Don’t listen to Yael.
She’s going to try to tell you that St. Francis CYO Basketball is a place of warmth and acceptance. It’s a kumbaya amidst a sea of ethnic separatism and hostility. It’s the lingua franca that unites across all other boundaries and borders blah blah blah.
Tell that to the snarling beauty queens that used to rip the ball from my little, eight-year-old hands, and leave me mangled and mortified on the court. I cowered in their blinding glow, so golden and tawny from summer sun, blond locks laced into flawless fishbones. Imperious in Champion shorts. And vicious, so vicious.
“I thought you might like it! I thought it would get you out of the house!” So says my mother. How could so devout a woman as she not notice that in this neighborhood basketball is a religion, worshiped in the house adjoining the one that Jesus built (and on the blacktop across the street in summer time)?

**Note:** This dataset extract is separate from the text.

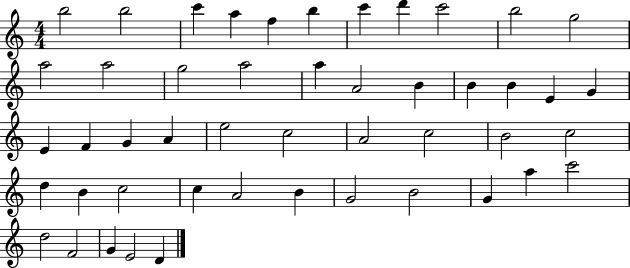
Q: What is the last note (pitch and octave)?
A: D4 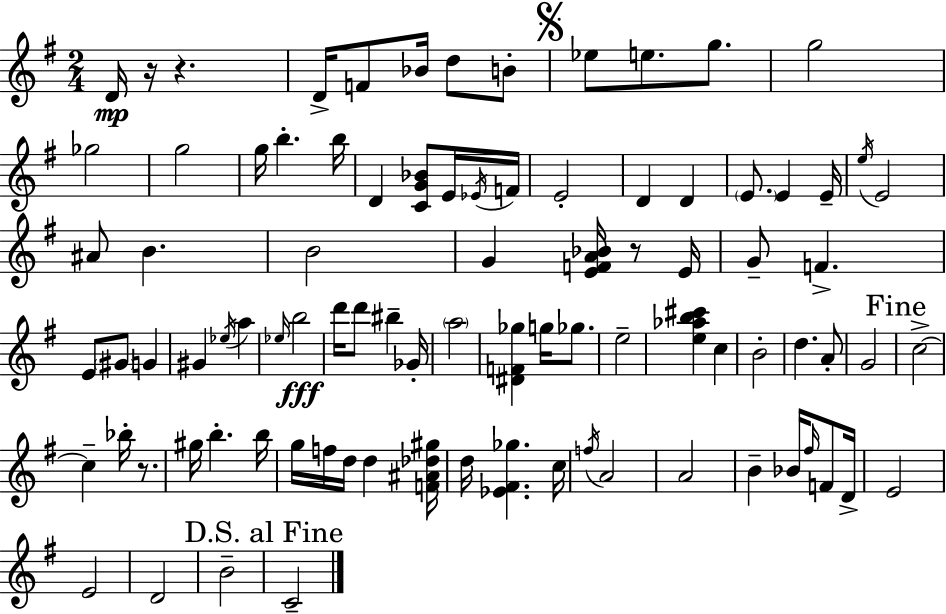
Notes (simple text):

D4/s R/s R/q. D4/s F4/e Bb4/s D5/e B4/e Eb5/e E5/e. G5/e. G5/h Gb5/h G5/h G5/s B5/q. B5/s D4/q [C4,G4,Bb4]/e E4/s Eb4/s F4/s E4/h D4/q D4/q E4/e. E4/q E4/s E5/s E4/h A#4/e B4/q. B4/h G4/q [E4,F4,A4,Bb4]/s R/e E4/s G4/e F4/q. E4/e G#4/e G4/q G#4/q Eb5/s A5/q Eb5/s B5/h D6/s D6/e BIS5/q Gb4/s A5/h [D#4,F4,Gb5]/q G5/s Gb5/e. E5/h [E5,Ab5,B5,C#6]/q C5/q B4/h D5/q. A4/e G4/h C5/h C5/q Bb5/s R/e. G#5/s B5/q. B5/s G5/s F5/s D5/s D5/q [F4,A#4,Db5,G#5]/s D5/s [Eb4,F#4,Gb5]/q. C5/s F5/s A4/h A4/h B4/q Bb4/s F#5/s F4/e D4/s E4/h E4/h D4/h B4/h C4/h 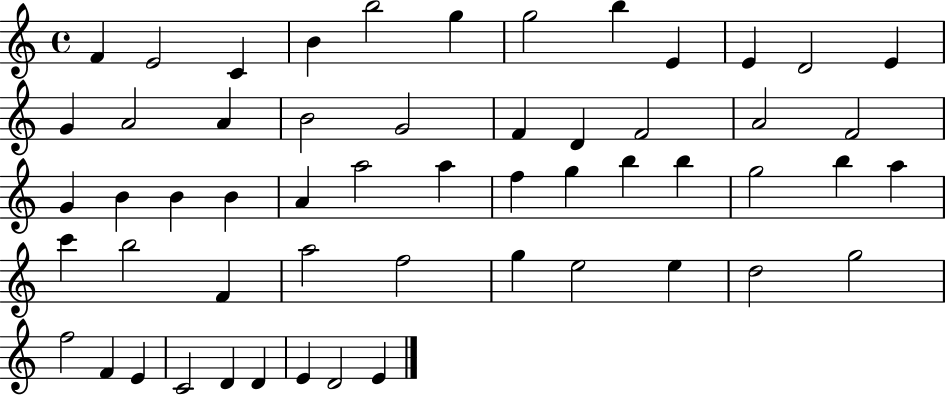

Somehow our family missed the cue. Walk in the door of our home and you could hear the comforting white noise of the crowds at a Mets game. The punctuated ratatat of the announcer narrating jabs of pantalones negros vs. pantalones rojos on Boxeo. My mother shouting, “Dumbhead!” at whatever Jet or Giant was currently disappointing her. Or the sounds of 1,000 people in pastel polo shirts trying to be quieter than a little white ball rolling over crewcut grass. But basketball never made it to the McCarthy TV screen. How on earth was I supposed to know what to do with my arms and legs? How could I be anything other than a nuisance to the rest of my team, in a sport in which standing still too long in the wrong place forces a turnover?
By the way, don’t listen to my 6-year-old daughter either.
Every Tuesday afternoon she runs, flying blind and jubilant, in whatever direction the coaches point her. Like her mother, she runs as fast as she can to the position she’s told and sticks to it like she’s poured cement into her shoes. She watches passes fly by her, applies Emily Post level manners to Steal the Bacon drills, obliviously travels around the court with the ball pressed firmly between her hands, wide-eyed at the outstretched arms clamoring, “Pass it to me! Pass it to me!”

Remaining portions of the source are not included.